Eine Stadt voller Bücher – der größte Wunschtraum für die leidenschaftlichen Leser*innen unter uns. Wohl auch für Walter Moers. Sein Buch Die Stadt der Träumenden Bücher ist eine große Liebeserklärung an das Medium Buch, auch wenn er mit der Verlagsbranche nicht ganz gnädig umgeht.

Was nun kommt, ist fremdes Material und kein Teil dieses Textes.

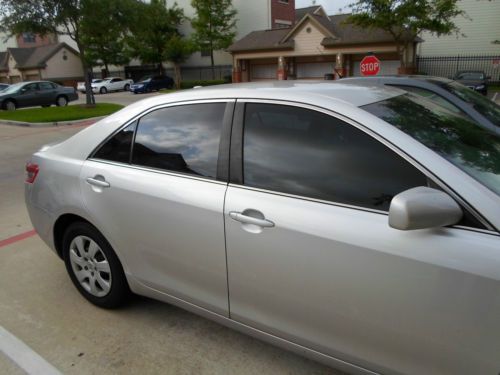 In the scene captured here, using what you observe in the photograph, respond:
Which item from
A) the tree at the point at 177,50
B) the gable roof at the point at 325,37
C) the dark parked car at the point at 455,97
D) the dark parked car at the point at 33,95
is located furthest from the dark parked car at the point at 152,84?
the dark parked car at the point at 455,97

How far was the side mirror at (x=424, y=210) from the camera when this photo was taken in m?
1.64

Hildegunst von Mythenmetz – der Name der Hauptfigur spricht schon für die Komik des gesamten Buches – lebt in einer Traumwelt auf dem Fantasie-Kontinent Zamonien. Der Lindwurm erzählt seine Abenteuergeschichte aus der Stadt der träumenden Bücher – einer Stadt voller antiquarischer Bücher, die sich in einem Dämmerzustand zwischen Leben und Tod befinden und davon träumen, wiederentdeckt und gelesen zu werden. Bevor Hildegunst seine Abenteuergeschichte erzählt, wobei sich Autor Walter Moers ganz bescheiden als Übersetzer ausgibt, müssen die Leser*innen erst einmal gewarnt werden: „Es ist keine Geschichte für Leute mit dünner Haut und schwachen Nerven – welchen ich auch gleich empfehlen möchte, dieses Buch wieder zurück auf den Stapel zu legen und sich in die Kinderbuch-Abteilung zu verkrümeln. Husch, husch, verschwindet, ihr Kamillenteetrinker und Heulsusen, ihr Waschlappen und Schmiegehäschen“. Ja, der Lindwurm – ein Nachkomme der Dinosaurier – schwingt große Töne über seine eigene Geschichte. Und die werden auch erfüllt.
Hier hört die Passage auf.